I soon figured that they wanted to have fun, to laugh, and to play while they learned. So that’s exactly what we did! Mind you, I was the Spanish teacher for the school and had never written kid songs in Spanish or English for that matter. I went for it! I figured that if I looked like a fool in front of these elementary and middle schoolers, at least we’d have some laughs while doing it. My desire was to center my students’ styles of communication, of playing, of being rather than keeping these essential teaching and learning tools as peripheral. Among other experiments, most of which did not employ the use of music composition, this particular one literally saved my first months of teaching! 

 

The students absolutely loved it! Even my middle schoolers fell in love with Spanish and with my class. In fact, when they were having a difficult day in neighboring classrooms, they would often meander into my room to unload and seek counsel as I had Spanish songs for kids playing or was composing my next silly Spanish body parts tune.

 

I don’t want to assume that it was simply the songs or that every home or school educator should bust out in song to teach math… or maybe they should 😉  I strongly believe that it was my willingness to learn, to unlearn and relearn, how to teach from the lived knowledge and experiences of my students that made all the difference. After leaving the Spanish classroom to teach elementary education, I tried this approach with core content and found that it served my students well in math, language arts, history, and every subject that we explored together. 

 

This approach is in stark contrast with the rules of engagement we call teaching today. Yes, I know that we say that the students inform our teaching. In fact, we wholeheartedly convince ourselves and student families of this. But if this is true, then why do so many of us experience resistance from said students? Why do we witness colleagues sending the same students out of the classroom week after week while future teachers will likely do the same?

 

We assume that because we have gone to school to teach, we are somehow entitled to receive the ear, and even the heart, of the students who enter our space. We assume that our best intentions are more important than the impact we are making on students who seem to be waging a silent war with us in the classroom. We forget that it is our impact that is indeed measurable – not our intentions. Even if you are a homeschool educator, as I currently am, I do not believe that you will find it easy or enjoyable to teach the way you prefer, or even the way you yourself learn best, while dismissing the ways in which your child wants to be taught. 

 

During my first classroom teaching experience in 2005 and thereafter, I reflected on the ways that I was resisting the opportunity to teach in a manner which centered the students’ experiences and cultures rather than in a manner that embodied the universities that taught me. Mind you, these universities were, you guessed it, operated by white culture, history, and social norms. And it nearly drove me crazy! So imagine how ridiculous I would be to insist that the children of color that were before me should accept my way of teaching and being when I was demonstrating to them that I did not accept theirs. 

 

Teaching is reciprocal, and although as adults we often miss this reality, children do not.
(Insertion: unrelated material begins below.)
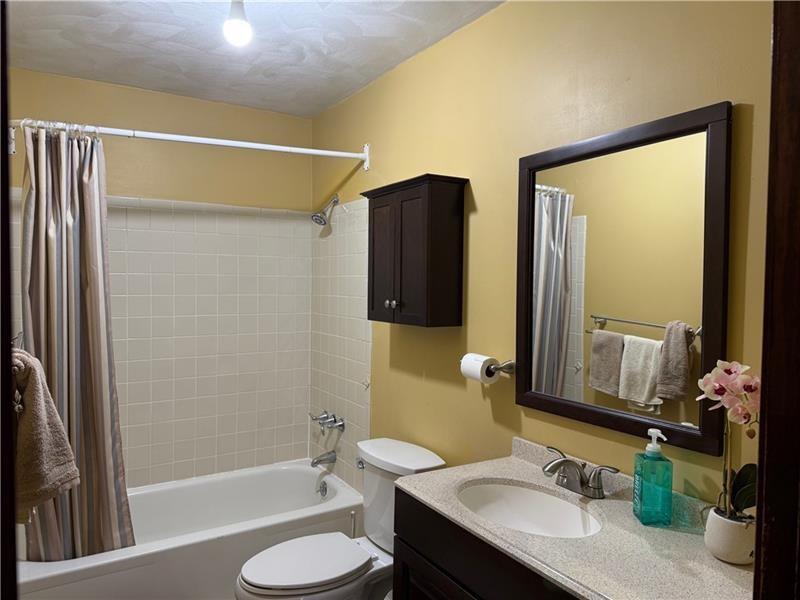 3922 Anderson Road Gibsonia, PA 15044 - Photo 19 of 23 a bathroom with a granite countertop sink toilet and shower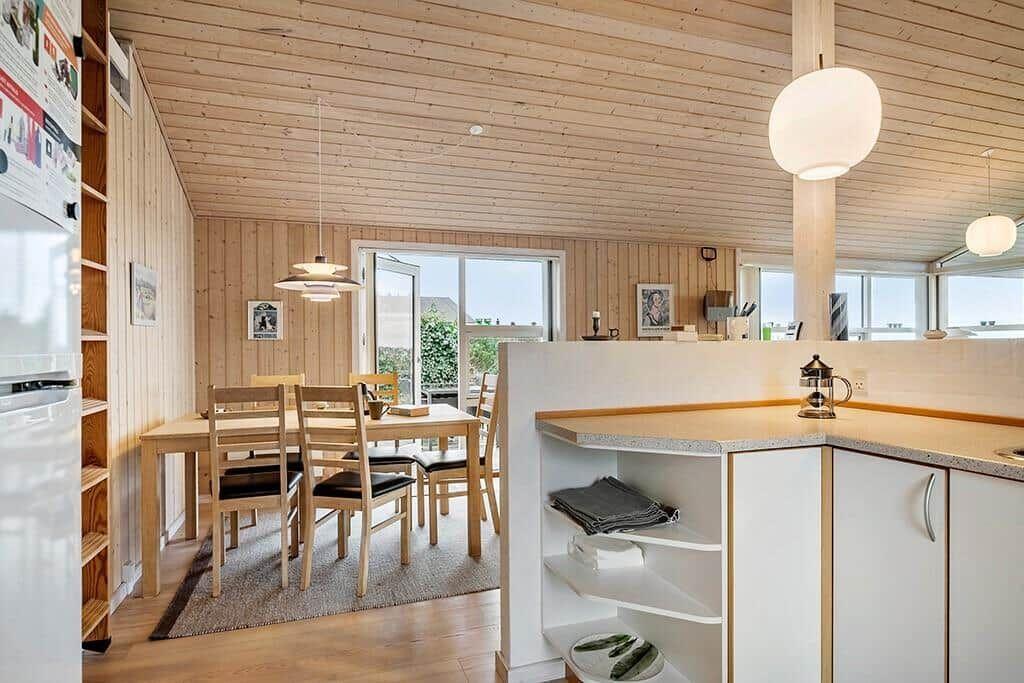 Kitchen with dining area, wood walls, and glass doors. Countertop, chairs, and table visible.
They desire to have an exchange and, in fact, the students most resilient in character and thought would rather be sent out of the classroom than to let us treat them like receptacles meant to stuff information. 

 

So the next time you think you have found a student that is resisting education, consider how you might… just might be inadvertently and unconsciously resisting an invitation to be transformed by that student through the reciprocal exchange of teaching and learning which is the truest definition of education.